Allowing the wages of low-paid Australians to climb with inflation would "make interest rates rise even higher, it would threaten the strong growth we have had in employment, and ultimately it would force small businesses, potentially, out of business altogether."
Now, two years on, after yet another Fair Work Commission decision that lifted award wages in line with inflation, the Coalition has returned to the fray.
On Monday, opposition finance spokeswoman Jane Hume asked Treasury secretary Steven Kennedy at a Senate hearing how he could support a wage increase linked to inflation at a time when productivity growth was uncertain.
She was, she said, just asking for Treasury's position.
The Fair Work Commission had just given Australia's lowest-paid workers 3.75 per cent.
The approach goes back some time. In 2014 the Coalition's recently installed industrial relations minister Eric Abetz warned of something akin to the "wages explosions" of the 1970s and early 1980s unless "weak-kneed" employers stood up to unions.
At the time, only 17 per cent of Australian workers were members of unions, down from more than half in the early 1980s. It's now just 12 per cent.
Far from setting off a wages explosion, increases in award wages (those awarded by the Fair Work Commission to predominately low-paid workers) appear to barely move the dial at all.
Last year the Commission awarded low-paid workers 5.75 per cent. In the year that followed, overall wages climbed 4.1 per cent. The previous year the Commission awarded 5.2 per cent. In the year that followed, overall wages climbed 3.7 per cent.
Overall wages - those received by most of us, the three-quarters of workers whose wages aren't linked to awards - have been climbing by less than award wages, and for most of the past three years, by less than the rate of inflation.
Conditions were ripe for pay rises
It isn't because the conditions haven't been right. For the past two years, unemployment has been lower than it has been in the previous four decades.
From 1974 right through until 2022 unemployment never fell below 4 per cent, and rarely fell below 5 per cent. Yet the past two years haven't sparked a wages explosion.

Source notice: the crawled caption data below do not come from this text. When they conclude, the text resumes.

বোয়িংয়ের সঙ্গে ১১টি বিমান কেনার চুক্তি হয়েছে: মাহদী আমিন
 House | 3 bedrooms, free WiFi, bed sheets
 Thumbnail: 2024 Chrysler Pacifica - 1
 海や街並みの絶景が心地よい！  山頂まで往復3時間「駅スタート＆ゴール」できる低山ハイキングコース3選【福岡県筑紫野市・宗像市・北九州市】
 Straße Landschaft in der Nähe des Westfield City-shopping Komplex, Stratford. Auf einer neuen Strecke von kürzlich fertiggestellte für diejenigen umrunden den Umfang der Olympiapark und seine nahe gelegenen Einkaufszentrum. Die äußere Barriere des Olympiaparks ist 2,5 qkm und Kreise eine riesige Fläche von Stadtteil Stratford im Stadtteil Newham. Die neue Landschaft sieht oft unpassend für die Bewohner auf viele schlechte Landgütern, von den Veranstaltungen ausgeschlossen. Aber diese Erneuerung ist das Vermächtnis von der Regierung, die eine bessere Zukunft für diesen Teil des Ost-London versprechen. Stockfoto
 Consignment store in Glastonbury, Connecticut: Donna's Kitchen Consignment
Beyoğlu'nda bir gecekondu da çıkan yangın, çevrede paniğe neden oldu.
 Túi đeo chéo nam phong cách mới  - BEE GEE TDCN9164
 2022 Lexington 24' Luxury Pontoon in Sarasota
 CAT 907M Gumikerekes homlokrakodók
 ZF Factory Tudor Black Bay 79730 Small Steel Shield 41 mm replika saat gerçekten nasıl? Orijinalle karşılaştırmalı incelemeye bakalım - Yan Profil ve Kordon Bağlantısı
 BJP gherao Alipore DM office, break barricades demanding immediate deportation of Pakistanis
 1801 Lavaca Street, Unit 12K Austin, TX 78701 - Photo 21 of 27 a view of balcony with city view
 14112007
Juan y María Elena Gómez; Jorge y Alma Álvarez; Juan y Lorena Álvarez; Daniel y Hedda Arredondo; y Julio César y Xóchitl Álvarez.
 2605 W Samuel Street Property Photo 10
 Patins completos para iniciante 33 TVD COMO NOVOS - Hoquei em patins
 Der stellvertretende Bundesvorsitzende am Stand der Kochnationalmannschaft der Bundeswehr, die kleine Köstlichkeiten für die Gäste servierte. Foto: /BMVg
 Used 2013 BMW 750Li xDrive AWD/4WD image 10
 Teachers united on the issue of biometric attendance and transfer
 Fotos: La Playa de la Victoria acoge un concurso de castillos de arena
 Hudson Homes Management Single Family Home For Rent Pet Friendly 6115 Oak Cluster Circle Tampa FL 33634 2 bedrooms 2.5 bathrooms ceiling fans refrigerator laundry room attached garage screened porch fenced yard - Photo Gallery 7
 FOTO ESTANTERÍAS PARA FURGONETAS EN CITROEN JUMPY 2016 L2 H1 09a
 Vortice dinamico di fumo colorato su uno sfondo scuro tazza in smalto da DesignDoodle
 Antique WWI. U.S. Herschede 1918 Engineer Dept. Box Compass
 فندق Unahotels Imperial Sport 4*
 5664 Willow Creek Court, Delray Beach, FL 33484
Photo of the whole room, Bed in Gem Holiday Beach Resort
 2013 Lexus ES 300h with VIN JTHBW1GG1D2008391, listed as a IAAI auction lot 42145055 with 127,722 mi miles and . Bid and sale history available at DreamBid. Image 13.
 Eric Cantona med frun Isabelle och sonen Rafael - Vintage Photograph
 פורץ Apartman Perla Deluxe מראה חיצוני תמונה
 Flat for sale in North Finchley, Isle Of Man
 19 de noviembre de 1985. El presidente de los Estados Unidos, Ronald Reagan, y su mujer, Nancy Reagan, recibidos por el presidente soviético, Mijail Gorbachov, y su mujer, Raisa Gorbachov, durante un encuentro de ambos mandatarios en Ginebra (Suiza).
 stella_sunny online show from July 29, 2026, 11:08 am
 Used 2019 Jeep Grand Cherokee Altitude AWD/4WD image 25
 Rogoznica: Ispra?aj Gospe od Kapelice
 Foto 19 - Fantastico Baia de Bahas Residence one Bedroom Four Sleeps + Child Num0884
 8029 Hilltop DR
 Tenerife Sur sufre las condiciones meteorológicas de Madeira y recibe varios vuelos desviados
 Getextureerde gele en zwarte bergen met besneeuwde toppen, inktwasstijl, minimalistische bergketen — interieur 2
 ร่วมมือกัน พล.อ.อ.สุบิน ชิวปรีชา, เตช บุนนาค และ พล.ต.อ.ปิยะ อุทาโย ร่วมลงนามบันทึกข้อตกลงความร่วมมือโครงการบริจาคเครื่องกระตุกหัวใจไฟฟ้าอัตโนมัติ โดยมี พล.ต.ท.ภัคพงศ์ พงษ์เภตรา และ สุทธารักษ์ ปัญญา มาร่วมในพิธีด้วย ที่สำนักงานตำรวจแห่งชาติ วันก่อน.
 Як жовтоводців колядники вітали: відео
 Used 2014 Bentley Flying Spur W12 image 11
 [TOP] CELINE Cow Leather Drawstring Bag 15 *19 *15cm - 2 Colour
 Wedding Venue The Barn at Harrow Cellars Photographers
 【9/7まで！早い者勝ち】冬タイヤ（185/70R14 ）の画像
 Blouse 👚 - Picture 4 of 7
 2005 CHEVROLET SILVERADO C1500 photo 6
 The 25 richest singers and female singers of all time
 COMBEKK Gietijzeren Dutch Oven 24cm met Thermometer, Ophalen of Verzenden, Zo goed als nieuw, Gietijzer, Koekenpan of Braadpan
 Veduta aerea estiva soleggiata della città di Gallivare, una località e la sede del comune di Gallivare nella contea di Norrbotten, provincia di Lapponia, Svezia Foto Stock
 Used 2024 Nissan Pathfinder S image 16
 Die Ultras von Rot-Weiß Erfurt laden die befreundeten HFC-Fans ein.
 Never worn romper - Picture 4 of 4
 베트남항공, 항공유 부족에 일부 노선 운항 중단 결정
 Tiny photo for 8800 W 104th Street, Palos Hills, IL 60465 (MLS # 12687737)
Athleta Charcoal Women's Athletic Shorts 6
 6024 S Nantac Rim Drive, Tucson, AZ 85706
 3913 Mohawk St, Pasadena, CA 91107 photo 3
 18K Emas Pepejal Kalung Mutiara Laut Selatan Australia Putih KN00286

It ought to have been easier to walk out of the door and into a new higher-paying job than it's been in most of our lifetimes, yet the share of us doing that has dived from almost 20 per cent per year at the start of the 1990s to less than 10 per cent today.
At the peak of what was then the biggest mining boom in a century in 2012, only 6200 Australians were crossing the Nullarbor to live in Western Australia. Five times as many new arrivals were pouring into Western Australia from overseas.
In the past year, in the midst of a new and bigger mining boom, only a net 11,200 Australians have moved west for a better life.
Our remarkable passivity when it comes to moving to earn more and our lack of interest in joining unions has collided with a wage-setting system that for those of us not on awards makes it easy for employers to resist paying us more.
Workers are finding it hard to bargain
Individual contracts are usually offered on a take-it-or-leave-it basis. Those of us uninterested in leaving (most of us) take them.
Enterprise bargains typically last for three years. When they expire there is nothing to stop employers stringing negotiations out or simply not commencing them, leaving their workers on so-called "zombie agreements".
The Business Council says they can "act like a wage freeze".
Australia's total wage bill has been climbing much more slowly than prices. In part this is because decisions on awards, like the ones handed down this week, apply only to awards.
Awards, applying mainly to low-wage jobs, make up only 11 per cent of the total wage bill.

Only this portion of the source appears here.